La bataille historique pour le poste de président de la Chambre des représentants des États-Unis, qui a duré quatre jours et nécessité quinze tours de scrutin, a montré à la fois l’empreinte du trumpisme et la moindre influence de l’ancien président sur le Parti républicain. Il faut aussi s’attendre au retour de ces crises auto-infligées auxquelles les États-Unis nous ont habitués quand un Congrès républicain (en totalité ou juste une des deux assemblées) fait face à un président démocrate : c’est le cas de manière récurrente depuis 1995, date du retour d’une majorité républicaine au Congrès après 40 ans d’opposition, sous la houlette de Newt Gingrich. C’est l’objet de mon dernier article pour Mediapart.
Sur le même thème: cette émission RFI Géopolitique consacrée à la rentrée du Congrès, à laquelle j’ai participé avec mes collègues américanistes Simon Grivet (Université de Lille) et Hugo Bouvard (Université Paris Cité).
Les élections de mi-mandat (midterms) de novembre ont été désastreuses pour Donald Trump, puisque les candidat·es qu’il avait personnellement investi·es, comme Mehmet Oz en Pennsylvanie, Herschel Walker en Géorgie ou Kari Lake en Arizona, ont perdu des élections annoncées comme une « vague républicaine » – qui n’a pas eu lieu. Mais le mensonge sur l’élection de 2020, la présentation du 6 janvier 2021 comme « manifestation politique légitime » plutôt que comme coup d’État manqué, et les guerres culturelles contre un « ennemi intérieur » qualifié de « woke » et assimilé à l’ensemble du Parti démocrate définissent aujourd’hui le Parti républicain et sa majorité à la Chambre des représentants.

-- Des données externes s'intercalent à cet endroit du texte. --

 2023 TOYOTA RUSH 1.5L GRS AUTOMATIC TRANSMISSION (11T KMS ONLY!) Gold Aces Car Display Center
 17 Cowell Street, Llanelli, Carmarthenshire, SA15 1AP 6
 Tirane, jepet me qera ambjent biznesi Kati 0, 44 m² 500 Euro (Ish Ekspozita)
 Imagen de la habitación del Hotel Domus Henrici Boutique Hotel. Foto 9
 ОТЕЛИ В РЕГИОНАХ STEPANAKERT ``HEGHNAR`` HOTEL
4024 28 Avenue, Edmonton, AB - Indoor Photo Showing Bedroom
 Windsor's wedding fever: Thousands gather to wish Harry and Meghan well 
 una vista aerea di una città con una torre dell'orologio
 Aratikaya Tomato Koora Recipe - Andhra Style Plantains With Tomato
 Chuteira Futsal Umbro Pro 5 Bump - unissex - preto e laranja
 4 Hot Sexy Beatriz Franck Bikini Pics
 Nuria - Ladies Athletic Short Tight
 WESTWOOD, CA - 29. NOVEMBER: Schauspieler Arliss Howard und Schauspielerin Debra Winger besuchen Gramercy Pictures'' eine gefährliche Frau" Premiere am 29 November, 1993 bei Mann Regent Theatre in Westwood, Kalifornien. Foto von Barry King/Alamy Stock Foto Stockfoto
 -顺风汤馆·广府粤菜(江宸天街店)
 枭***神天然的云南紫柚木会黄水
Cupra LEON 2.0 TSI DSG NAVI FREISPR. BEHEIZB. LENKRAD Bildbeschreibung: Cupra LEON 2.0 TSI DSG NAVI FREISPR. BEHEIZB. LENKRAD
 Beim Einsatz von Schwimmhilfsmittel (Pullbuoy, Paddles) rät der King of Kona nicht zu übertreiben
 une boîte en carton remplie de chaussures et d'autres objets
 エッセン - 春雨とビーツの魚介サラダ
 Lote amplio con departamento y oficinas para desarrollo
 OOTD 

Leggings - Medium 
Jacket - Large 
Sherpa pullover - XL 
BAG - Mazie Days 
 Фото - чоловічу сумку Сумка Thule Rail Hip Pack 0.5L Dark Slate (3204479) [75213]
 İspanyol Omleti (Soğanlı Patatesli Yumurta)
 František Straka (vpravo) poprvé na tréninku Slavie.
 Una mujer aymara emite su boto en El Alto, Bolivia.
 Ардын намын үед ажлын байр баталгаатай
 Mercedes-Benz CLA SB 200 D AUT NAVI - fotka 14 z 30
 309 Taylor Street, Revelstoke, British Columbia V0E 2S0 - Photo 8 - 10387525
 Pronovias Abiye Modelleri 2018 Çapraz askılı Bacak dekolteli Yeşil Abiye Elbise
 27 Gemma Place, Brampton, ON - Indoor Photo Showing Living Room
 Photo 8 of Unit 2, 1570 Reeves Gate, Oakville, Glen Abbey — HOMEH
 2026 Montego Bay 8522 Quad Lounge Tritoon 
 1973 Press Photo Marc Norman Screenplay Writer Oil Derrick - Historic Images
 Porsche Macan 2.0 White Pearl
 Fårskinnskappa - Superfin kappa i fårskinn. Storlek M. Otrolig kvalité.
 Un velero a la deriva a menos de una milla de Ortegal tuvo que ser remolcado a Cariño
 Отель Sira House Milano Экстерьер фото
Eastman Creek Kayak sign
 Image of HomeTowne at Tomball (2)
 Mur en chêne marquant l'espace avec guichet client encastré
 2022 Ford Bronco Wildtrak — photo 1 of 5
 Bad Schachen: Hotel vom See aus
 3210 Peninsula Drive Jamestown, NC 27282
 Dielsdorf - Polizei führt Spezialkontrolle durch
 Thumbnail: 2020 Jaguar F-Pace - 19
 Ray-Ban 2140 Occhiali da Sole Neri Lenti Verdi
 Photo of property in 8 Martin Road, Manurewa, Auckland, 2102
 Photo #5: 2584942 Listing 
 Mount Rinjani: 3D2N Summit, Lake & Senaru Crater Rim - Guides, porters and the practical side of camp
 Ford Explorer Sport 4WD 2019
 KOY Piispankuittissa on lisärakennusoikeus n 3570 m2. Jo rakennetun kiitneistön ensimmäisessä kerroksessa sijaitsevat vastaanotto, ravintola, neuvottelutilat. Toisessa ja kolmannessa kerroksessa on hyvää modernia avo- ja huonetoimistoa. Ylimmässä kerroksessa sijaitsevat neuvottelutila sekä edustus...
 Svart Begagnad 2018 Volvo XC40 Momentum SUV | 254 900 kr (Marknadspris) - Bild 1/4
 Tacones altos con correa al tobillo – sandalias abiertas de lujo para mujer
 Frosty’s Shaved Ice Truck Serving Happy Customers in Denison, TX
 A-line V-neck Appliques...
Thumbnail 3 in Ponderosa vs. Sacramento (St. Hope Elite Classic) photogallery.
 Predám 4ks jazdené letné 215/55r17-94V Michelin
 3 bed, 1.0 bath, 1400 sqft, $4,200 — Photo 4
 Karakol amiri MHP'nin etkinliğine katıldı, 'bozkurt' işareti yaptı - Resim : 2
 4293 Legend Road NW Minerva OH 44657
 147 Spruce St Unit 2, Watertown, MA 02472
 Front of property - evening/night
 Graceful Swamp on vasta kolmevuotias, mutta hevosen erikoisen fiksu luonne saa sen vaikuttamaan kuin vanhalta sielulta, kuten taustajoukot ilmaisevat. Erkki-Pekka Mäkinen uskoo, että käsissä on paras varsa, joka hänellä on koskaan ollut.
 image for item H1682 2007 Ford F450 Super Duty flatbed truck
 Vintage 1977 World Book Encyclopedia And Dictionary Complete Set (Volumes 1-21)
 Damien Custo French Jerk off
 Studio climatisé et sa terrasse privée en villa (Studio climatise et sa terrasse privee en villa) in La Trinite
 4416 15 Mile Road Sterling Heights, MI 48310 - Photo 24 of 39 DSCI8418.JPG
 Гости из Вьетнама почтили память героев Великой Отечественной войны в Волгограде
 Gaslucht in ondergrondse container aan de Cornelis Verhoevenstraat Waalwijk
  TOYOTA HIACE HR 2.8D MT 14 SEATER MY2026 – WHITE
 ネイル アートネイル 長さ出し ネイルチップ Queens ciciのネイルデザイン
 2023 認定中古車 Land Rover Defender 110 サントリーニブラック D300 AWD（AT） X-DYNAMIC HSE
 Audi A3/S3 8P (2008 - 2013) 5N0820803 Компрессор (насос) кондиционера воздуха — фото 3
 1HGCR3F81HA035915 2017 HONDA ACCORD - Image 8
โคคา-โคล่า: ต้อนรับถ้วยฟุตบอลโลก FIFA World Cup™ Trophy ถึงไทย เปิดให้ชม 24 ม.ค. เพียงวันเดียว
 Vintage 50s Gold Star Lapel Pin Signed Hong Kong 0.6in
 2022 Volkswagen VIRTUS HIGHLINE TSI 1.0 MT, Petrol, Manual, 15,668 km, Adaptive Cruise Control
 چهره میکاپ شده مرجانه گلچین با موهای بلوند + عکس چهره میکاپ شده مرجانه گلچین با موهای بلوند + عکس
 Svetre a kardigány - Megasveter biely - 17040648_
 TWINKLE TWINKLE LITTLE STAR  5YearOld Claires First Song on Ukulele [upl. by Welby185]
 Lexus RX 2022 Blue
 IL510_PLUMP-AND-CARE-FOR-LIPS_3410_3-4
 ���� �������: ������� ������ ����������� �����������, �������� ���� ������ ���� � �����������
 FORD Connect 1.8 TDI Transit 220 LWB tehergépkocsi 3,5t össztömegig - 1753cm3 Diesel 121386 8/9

La Chambre républicaine ne représente que la moitié du Congrès : ses propositions législatives seront pour l’essentiel symboliques, puisque toute loi doit être votée par les deux chambres dans les mêmes termes. Or le Sénat est resté à majorité démocrate (gagnant même un siège) ; par ailleurs, Joe Biden dispose du droit de veto présidentiel sur toute loi émanant du Congrès.
Mais la Chambre conserve un pouvoir de nuisance par ses prérogatives en matière de surveillance de l’exécutif. Surtout, certaines lois doivent être votées par les deux chambres pour que le gouvernement fonctionne : les lois de budget et le relèvement du plafond de la dette. Or, sur ces deux sujets, Kevin McCarthy a d’ores et déjà promis à sa majorité qu’il exigerait des contreparties radicales en termes de coupes budgétaires : cela faisait partie des conditions de son élection à la présidence de la Chambre.